Qiime2 NCBI adapters / primers filter

Hello to all,

I look for this topic and i couldn´t find it , so i hope it is not repeated.

I have the following question:

I´m downloading microbiome data from NCBI (SRR). I understand (from moving pictures tutorial) that NCBI data that came from Illumina sequences, have adapters and primers that are included in the downloaded data.

When using fastp I understand that those adapters and primers are removed, but i would like to know if quiime2 also do this process when using DADA2 or do i need another command in quiime2 to do that or it is not supported ?

Thanks =)

Hello Marco,

Great question!

Yes, sequencing reads often includes non-biological data, so removing this is good.
You can use the Qiime2 cutadapt plugin for this:

Here is the twist: amplicon reads often include only the hypervariable region, with no adapters or primers at all!

How is this possible? :thinking:

Well, we can reuse the PCR primers as sequencing primers, as popularized by the EMP protocol. In this case, the sequence matches the PCR product perfectly and we can run DADA2 directly on raw reads.

thanks !!

I read about cutadapt, but the thing is that, if I understood well, it needs the user to enter the exact sequence to cut it, but, if i don´t have that information ?

is there a way that automatically detect those kind of data and cut them ?

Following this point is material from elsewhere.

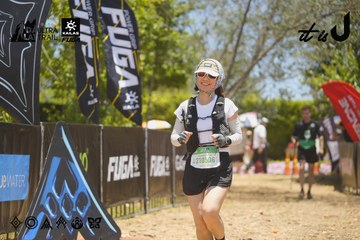 Dalat Ultra Trail 2026 - Ảnh #4694643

Or in the NCBI that data should be specified ?

Thanks again =D

Hello @Marco,

There are tools, such as fastp and fastqc, that can detect such adapters for you. They're usually called "overrepresented sequences" in the report. Neither of these tools is available through qiime2 at the moment, but there are plans to add fastp into a plugin in the next release.

1 Like

Hello @colinwood,

Perfect..
In the meantime i will add fastp to my pipeline and 'll be waiting for the next release to test it as a quiime2 plugin =D

thank you for all this information.

2 Likes

Hi @Marco,

I'd like to add, that all you need is the PCR primer sequence. You do not need the adapter or other sequences. This is because much of the adapter sequence is prior to the PCR primer sequence. Thus, if you find and remove the primer with cutadapt, any sequence prior to that primer sequence (i.e. towards the 5' end ) will also be removed along with it.

1 Like

Hi @SoilRotifer ,

That sounds great, the thing is that in the NCBI i don´t see that data. For example, the following link is a bioproject using microbiome. If i go to the metadata part i dont´see the primer sequence or something related to.

https://www.ncbi.nlm.nih.gov/Traces/study/?query_key=1&WebEnv=MCID_68894065bdae8f995c1806d9&o=acc_s%3Aa

That´s my actual issue. =D

I am assuming there is a manuscript associated with this data, and it should detail the primers used. I'll just assume it is likely V4 or V3V4. Also, depending on the approach they used, there may or may not be primer sequence contained within the read.

Checkout these threads / posts:

-Mike

1 Like

Hello @SoilRotifer

Thanks for the response. I'll check the links. :slightly_smiling_face:

This topic was automatically closed 31 days after the last reply. New replies are no longer allowed.